Source code repositories consist of large codebases, often containing error-prone programs. The increasing complexity of software has led to a drastic rise in time and costs for identifying and fixing these defects. Various methods exist to automatically generate fixes for buggy code. However, due to the large combinatorial space of possible solutions for a particular bug, there are not many tools and datasets available to evaluate generated code effectively. In this work, we introduce FixEval, a benchmark comprising buggy code submissions to competitive programming problems and their respective fixes. We introduce a richtest suite to evaluate and assess the correctness of model-generated program fixes. We consider two Transformer language models pretrained on programming languages as our baselines, and compare them using match-based and execution-based evaluation metrics. Our experiments show that match-based metrics do not reflect model-generated program fixes accurately, while execution-based methods evaluate programs through all cases and scenarios specifically designed for that solution. Therefore, we believe FixEval provides a step towards real-world automatic bug fixing and model-generated code evaluation.

Table of Contents

Folder Structure


├── codet5
│   ├── run.sh 
│   ├── configs.py
│   ├── models.py
│   ├── run_gen.py
│   └── ...
│ 
├── plbart
│   ├── run.sh 
│   ├── configs.py
│   ├── models.py
│   ├── run_gen.py
│   └── ...
│
├── data
│   ├── java
│   │    ├──jsons
│   │    ├──processed
│   ├── python
│   │    ├──jsons
│   │    ├──processed
│   ├── atcoder_test_cases
│   └── processed.json
│
├── third_party
│   ├── apex
│   ├── fairseq
│   ├── tree-sitter-cpp
│   ├── tree-sitter-java
│   └── tree-sitter-python
│
├── evaluation
│   ├── CodeBLEU 
│   ├── codegen 
│   ├── bleu.py
│   ├── compile.py
│   ├── compute_ca.py
│   ├── evaluator.py
│   ├── execution_evaluation_TC_arc_MP.py
│   └── ...
│
└── src
    ├── 01_preprocessing.ipynb
    ├── make_submission_list_json.py
    ├── process_json.py
    ├── deduplication.py
    ├── generate_eval_files.py
    ├── merge.py
    ├── split.py
    └── ...

Dataset

All data for reproducing the results is available here:

https://drive.google.com/drive/folders/1dzuHuouuWzlFCy1CMj9DYG9JGraEay27?usp=sharing

Run the following commands in the root folder.

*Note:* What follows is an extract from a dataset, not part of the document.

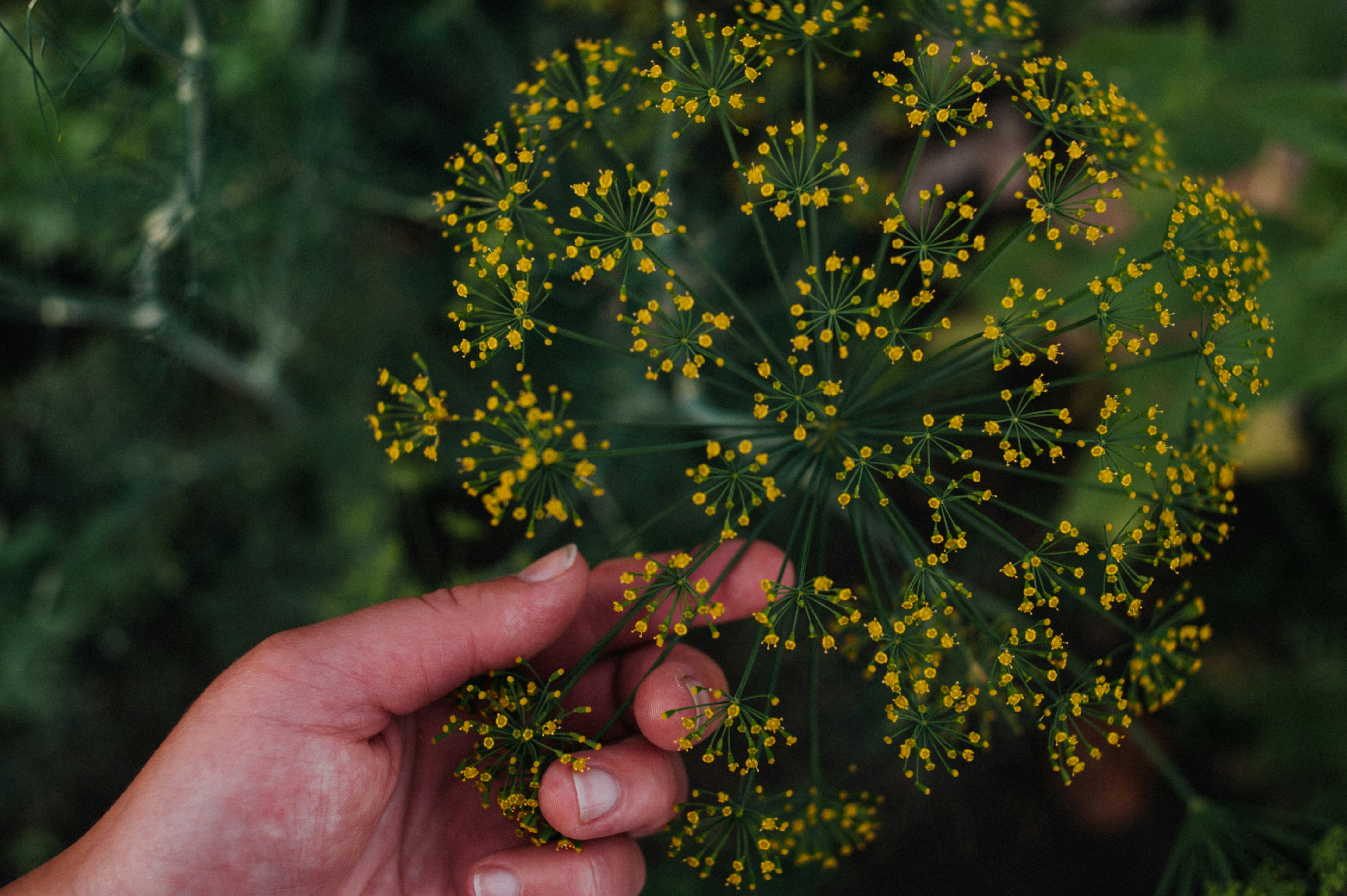 Choose from a curated selection of yellow wallpapers for your mobile and desktop screens. Always free on Unsplash.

Download Project CodeNet Dataset (Skip this if you want to run from our preprocessed files)

Run this command to download the whole CodeNet dataset (around 8GB zip file) in the root directory and decompress it.

wget https://dax-cdn.cdn.appdomain.cloud/dax-project-codenet/1.0.0/Project_CodeNet.tar.gz
tar -xf Project_CodeNet.tar.gz

Download CodeNet Metadata

Run this command to download the CodeNet metadata (281Mb zip file) in the root directory and decompress it

wget https://dax-cdn.cdn.appdomain.cloud/dax-project-codenet/1.0.0/Project_CodeNet_metadata.tar.gz
tar -xf Project_CodeNet_metadata.tar.gz

Download Test Cases

Make the data folder to store the test cases along with the Java and Python data files.

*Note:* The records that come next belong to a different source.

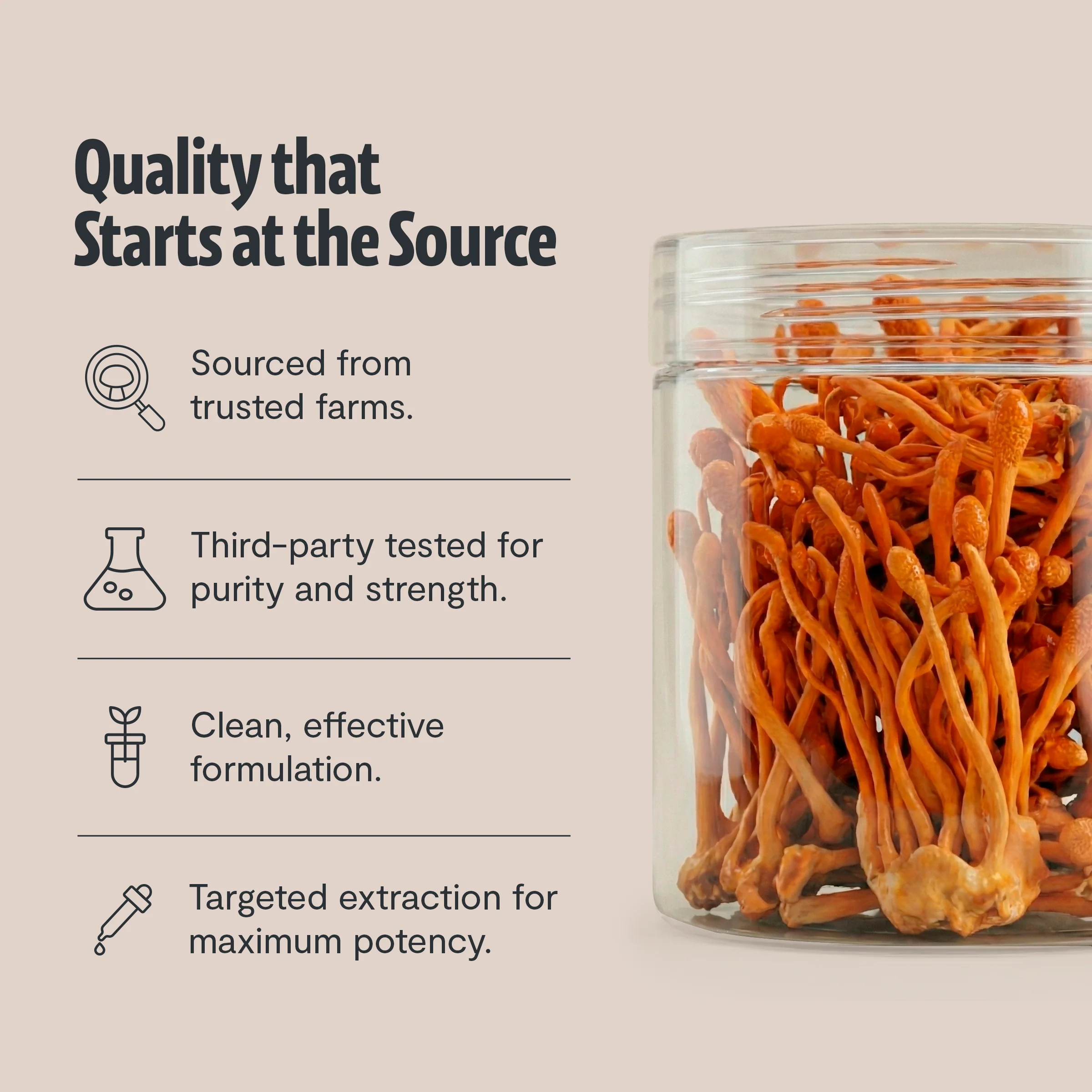 Cordyceps Mushroom Extract Powder - Image 23
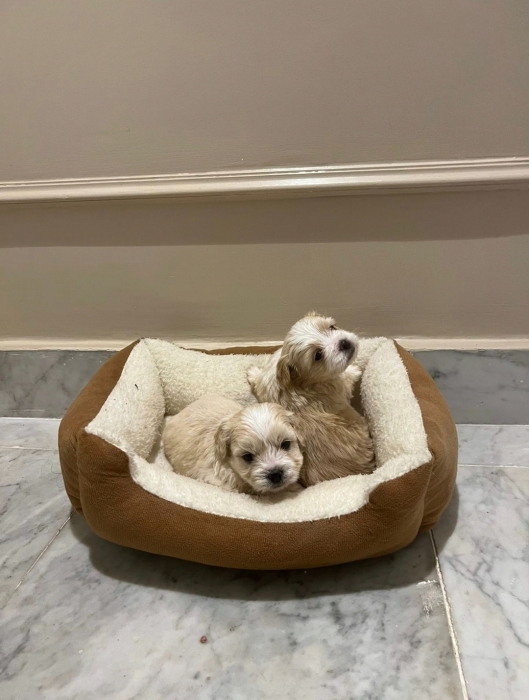 Bichon Havanais 🎊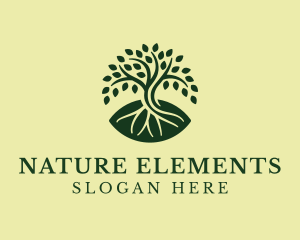 Natural Mangrove Tree logo design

wget --load-cookies /tmp/cookies.txt "https://docs.google.com/uc?export=download&confirm=$(wget --quiet --save-cookies /tmp/cookies.txt --keep-session-cookies --no-check-certificate 'https://docs.google.com/uc?export=download&id=1AInTHzaZqym7WsT1B7yc8nZy7dA3ovPf' -O- | sed -rn 's/.*confirm=([0-9A-Za-z_]+).*/\1\n/p')&id=1AInTHzaZqym7WsT1B7yc8nZy7dA3ovPf" -O atcoder_test_cases.zip && rm -rf /tmp/cookies.txt
unzip atcoder_test_cases.zip
cd ../

Installation

The preferred installation method is to run this command (You may need to change the bash file to update the environment names, etc.):

bash install_env.sh

Another method is to run the following (You may need to manually add some libraries):

conda env create -n python -f src/environment.yml
conda activate python36

All the commands below assume that you installed everything in this environment correctly and activated the environment.

Pre-processing (Skip this if you want to run from our preprocessed files)

src/make_submission_list_json.py parses problem submission information, problem list csv, and the actual submission files folder to create an initial json, processed.json, which uses the following format:

processed is a dictionary containing a list of user_id's with information about each user in processed.keys().
processed['user_id'] is a list containing a list of problem_id's solved by that user.
processed['user_id']['problem_id'] contains list of tuples. Each tuple consists of information about a submission (submission_id,date,language,original_language,filename_ext,status)

To create this, use the followint script (You may need to change the path information):

cd src
python make_submission_list_json.py
cd ../

If there is any file missing Like "my_languages.so" Please check the folder and if it's not there please create an issue. I will make that available ASAP.

https://drive.google.com/drive/folders/1dzuHuouuWzlFCy1CMj9DYG9JGraEay27?usp=sharing

Create Language Specific Data (Skip this part if you just want to download our version)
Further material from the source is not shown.